If compilation completes without errors, you can test your program:

cd $PROJECT_ROOT/build
./bin/my_sssp ../datasets/chesapeake/chesapeake.mtx

which should print:

G.get_number_of_vertices() : 39
G.get_number_of_edges()    : 340

Hopefully, this works, and we can now move on to writing code specific to our single-source shortest paths application.

b) Initialization + calling application code#

Single-source shortest paths has 1 parameter, the source of the search. We’ll call this single_source.

Our implementation will output one array, the distance between single_source and the other nodes in the graph.

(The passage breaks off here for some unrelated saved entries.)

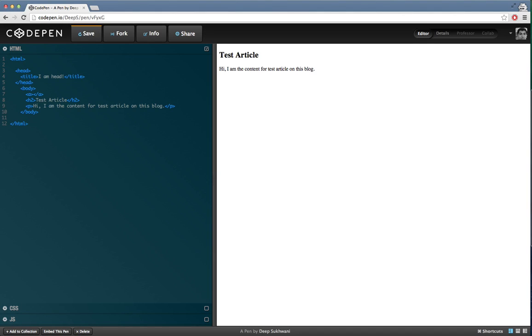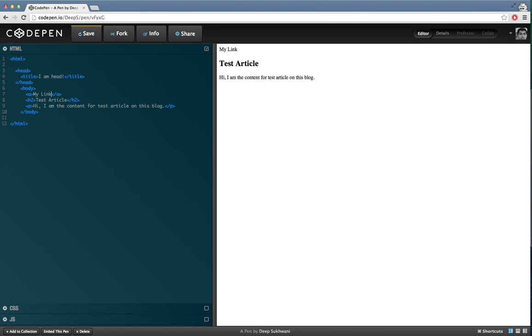However, just by simply putting in text between anchor tags will not straightaway create it as a link. So if I click on it, it is not going to take me anywhere.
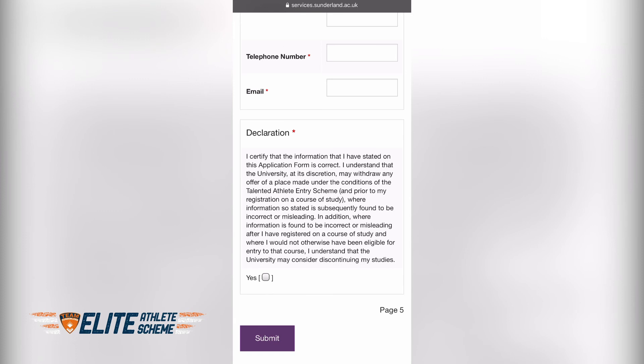Once you have submitted your form, an email will be sent to myself and other members of Team Sunderland. This is all you need to do — then just wait to hear from us in the near future. If you have any other questions, please get in touch. Thanks everyone and stay safe.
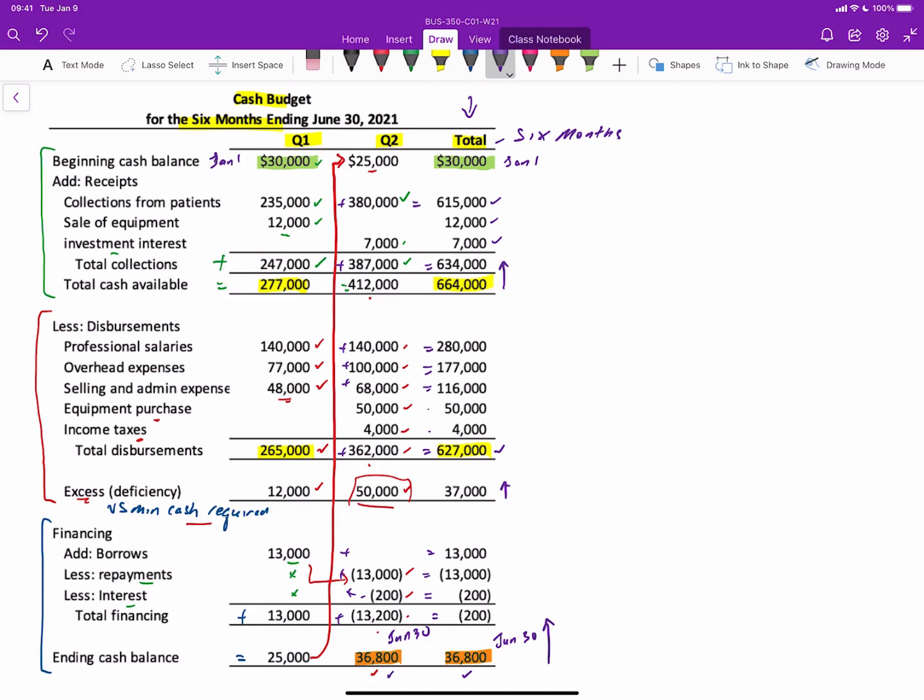So there's an illustration of a cash budget. Again, once you get the hang of it, they're pretty straightforward. And watch those common errors of not carrying over the beginning quarter balance or the beginning month balance to be whatever the total column is. Watch out for the depreciation expense that would be included here. And watch out for that ending balance that needs to be carried over. Those are the most common mistakes students make on a cash budget. Hope you found it useful.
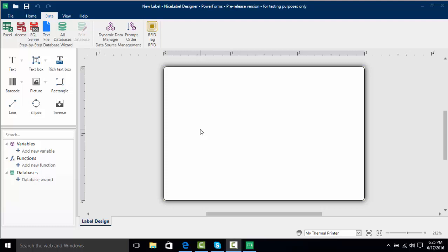Hello everyone and welcome to this edition of NiceLabel training videos. In this video we're going to learn how we can connect NiceLabel to Excel and print from it.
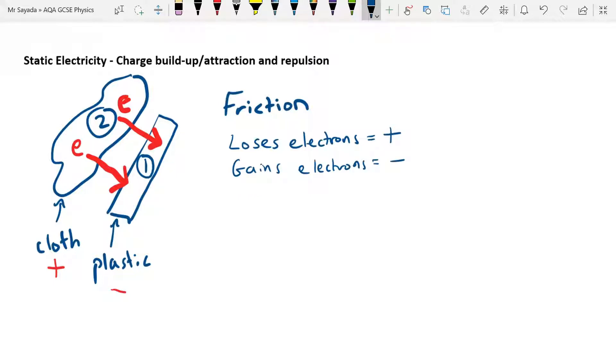So that's how the charge builds up. Both of these materials will now have a charge build-up: one will have a positive charge build-up and one will have a negative charge build-up.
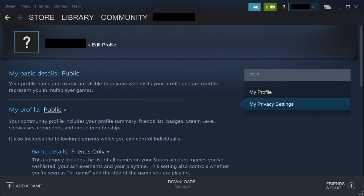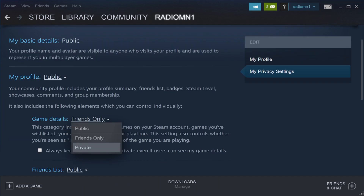Step 5: Click the current option displayed to the right of Game Details beneath My Profile. By default, this will be Public. A drop-down menu is displayed. Click Private in the drop-down menu.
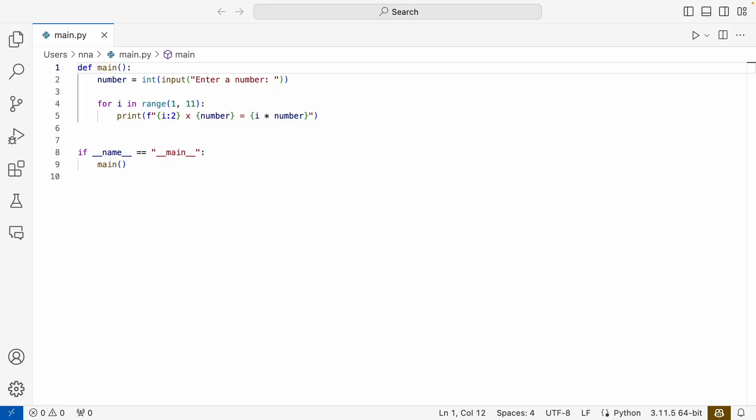In this video, we will take a look at how we can use try-except to handle errors that might occur when we're running our scripts. We have a script here that I have prepared, and if we run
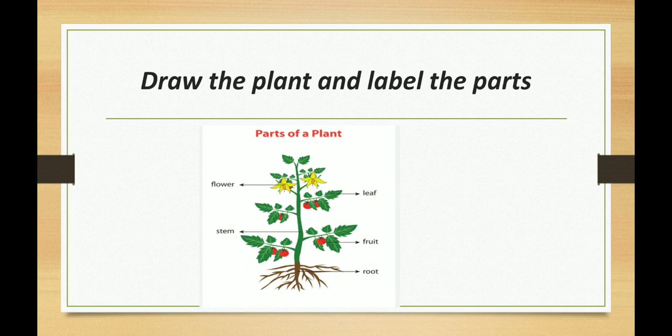Next, what is this, children? This is a plant. Yes. Draw the plant and label the parts. Now we will see the parts. The parts of the plant are: Flower, Leaf, Fruit, Stem, and Root. These are the parts of a plant.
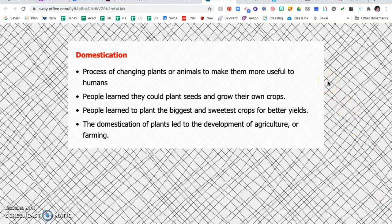The domestication process is the process of changing plants or animals to make them more useful to humans. People learned that they could plant seeds and grow their own crops — no more following animals; they could grow their own food. People learned to plant the biggest and sweetest crops for better yields. A yield is how much is harvested — how much you get out of that harvest. The domestication of plants led to the development of agriculture, better known as farming.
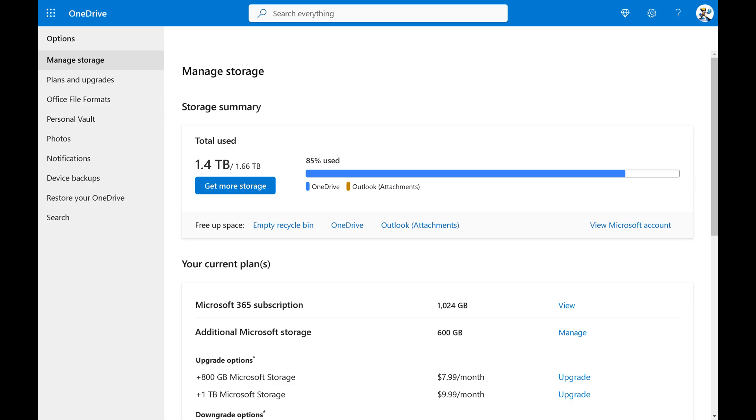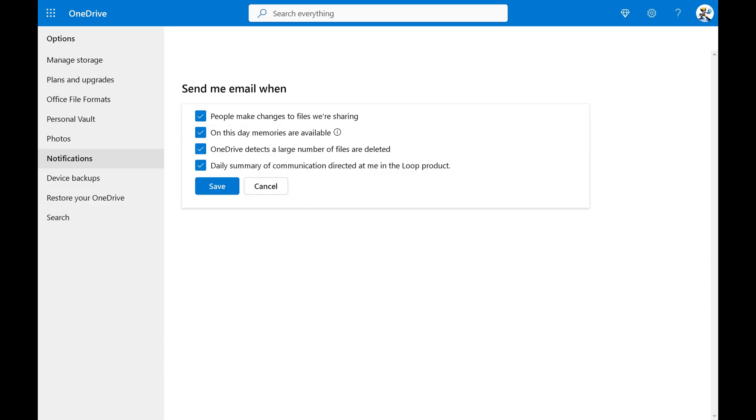Step 3. Click to select Notifications in this menu. You'll see notification options on the right side of the screen.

We’ll call this array distances.

Read the comments inline below for details.

  // ...
  
  std::cout << "G.get_number_of_vertices() : " << G.get_number_of_vertices() << std::endl;
  std::cout << "G.get_number_of_edges()    : " << G.get_number_of_edges()    << std::endl;

  // --
  // Params and memory allocation
  
  // Set single_source
  // You'd probably actually want to pass this as a command-line parameter, but let's
  // hard-code it for now.
  vertex_t single_source = 0;
  
  // Initialize a `thrust::device_vector` of length `n_vertices` for distances
  vertex_t n_vertices = G.get_number_of_vertices();
  thrust::device_vector<weight_t> distances(n_vertices);

  // --
  // Run

  // Call the gunrock function to run `my_sssp`
  // Note that this code doesn't exist yet, so this will break the compiler, 
  // but we'll be creating it in the next step
  float gpu_elapsed = gunrock::my_sssp::run(G, single_source, distances.data().get());

  // --
  // Log + Validate

  // Use a fancy thrust function to print the results to the command line
  // Note, if your graph is big you might not want to print this whole thing
  std::cout << "GPU Distances (output) = ";
  thrust::copy(distances.begin(), distances.end(), std::ostream_iterator<weight_t>(std::cout, " "));
  std::cout << std::endl;

  // Print runtime returned by `gunrock::my_sssp::run`
  // This will just be the GPU runtime of the "region of interest", and will ignore any 
  // setup/teardown code.
  std::cout << "GPU Elapsed Time : " << gpu_elapsed << " (ms)" << std::endl;
}

int main(int argc, char** argv) {
  test_my_sssp(argc, argv);
}

Finally, go back to the top of the file and uncomment

#include <gunrock/algorithms/my_sssp.hxx>

so that this script can see the implementation you’ll be writing in the next step.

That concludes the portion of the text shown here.